IAG freezes non-EU share ownership to 47.5% amid Brexit confusion

Airline group awaits guidance on whether its ownership structure will need to be amended

Aer Lingus parent IAG said in a statement it would suspend the voting rights of any shares acquired by a relevant non-EU person and require the owner to sell the shares to a third party or to the airline group itself. Photograph: Brian Lawless/PA Wire

Aer Lingus parent IAG said in a statement it would suspend the voting rights of any shares acquired by a relevant non-EU person and require the owner to sell the shares to a third party or to the airline group itself. Photograph: Brian Lawless/PA Wire

 

IAG, the owner of Aer Lingus, British Airways and Iberia airlines, said it would cap ownership of its shares by non-Europeans at the current 47.5 percent level to maintain its status as a European-owned airline.
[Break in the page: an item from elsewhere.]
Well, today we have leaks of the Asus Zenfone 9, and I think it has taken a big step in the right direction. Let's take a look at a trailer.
Britainhas yet to seal a Brexit withdrawal agreement, posing a potential risk to airlines that do not meet EU rules requiring European carriers to be majority-owned and operated in the bloc.

Airlines that will no longer be majority owned by EU nationals once Britain leaves the EU face the threat of losing their right to fly within the bloc after Brexit due to share ownership rules.
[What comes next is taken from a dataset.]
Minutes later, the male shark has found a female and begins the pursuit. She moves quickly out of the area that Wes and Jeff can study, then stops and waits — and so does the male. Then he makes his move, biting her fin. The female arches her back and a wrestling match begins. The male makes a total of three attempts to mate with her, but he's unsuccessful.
European Commission sources told Reuters that Brussels encouraged IAG and all airlines concerned to check with the national licensing authorities whether they would still meet the operating licence requirements in case of a “no deal” Brexit.

Suspend the voting rights

The Aer Lingus parent said in a statement it would suspend the voting rights of any shares acquired by a relevant non-EU person and require the owner to sell the shares to a third party or to the airline group itself. But IAG said that UK citizens would not be subjected to this buying cap.

IAG has its headquarters in Britain and has shareholders from around the world. The Spanish government has said it is confident national flag carrier Iberia is a Spanish company and will be able to fly across Europe in the event of a disorderly Brexit.
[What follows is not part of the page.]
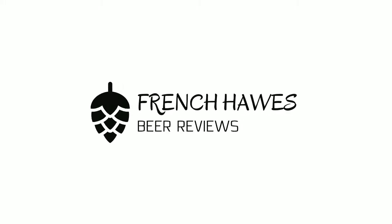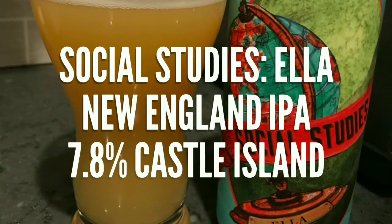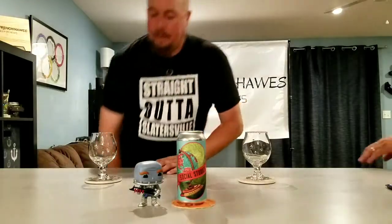Hundreds of bottles of beer on the wall, hundreds of bottles of beer. Which one's the right one for me? Sometimes the answer's not that clear. My best bet's to begin by tuning into French Haws Beer Reviews.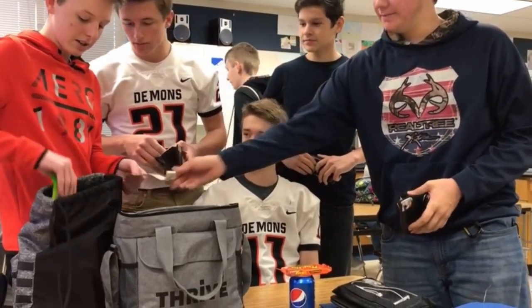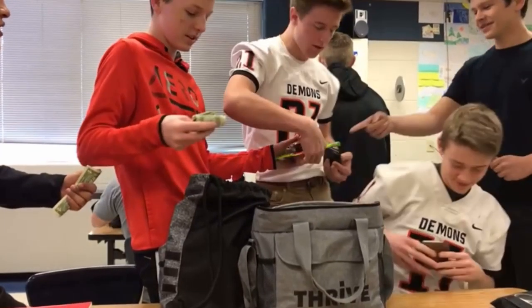Today on the Financial Wolf channel we are going to be talking about selling candy at school once again. In this video I'm going to be showing you guys the five candies you need to start selling if you want to build your own candy selling empire.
On Wednesday the European Parliament will discuss common rules ensuring basic air connectivity following a no-deal Brexit. They also hope to agree to aviation safety with regard how airlines will operate in the event of a no-deal exit by the UK.

Ownership and control

Ireland South MEP Deirdre Clune has proposed an amendment on ownership and control allowing them more time to restructure to March 2020 as opposed to having to restructure in 50 or so days and get approval.

“In the case of a no-deal Brexit there could be capacity restrictions which would limit the frequency of flights operating in and out of the UK. This could cause considerable inconvenience and expense to passengers who have already booked flights in 2019 based on flights currently available for purchase on airline websites and tour operator brochures, be they for business purposes or for indeed for leisure,” she said.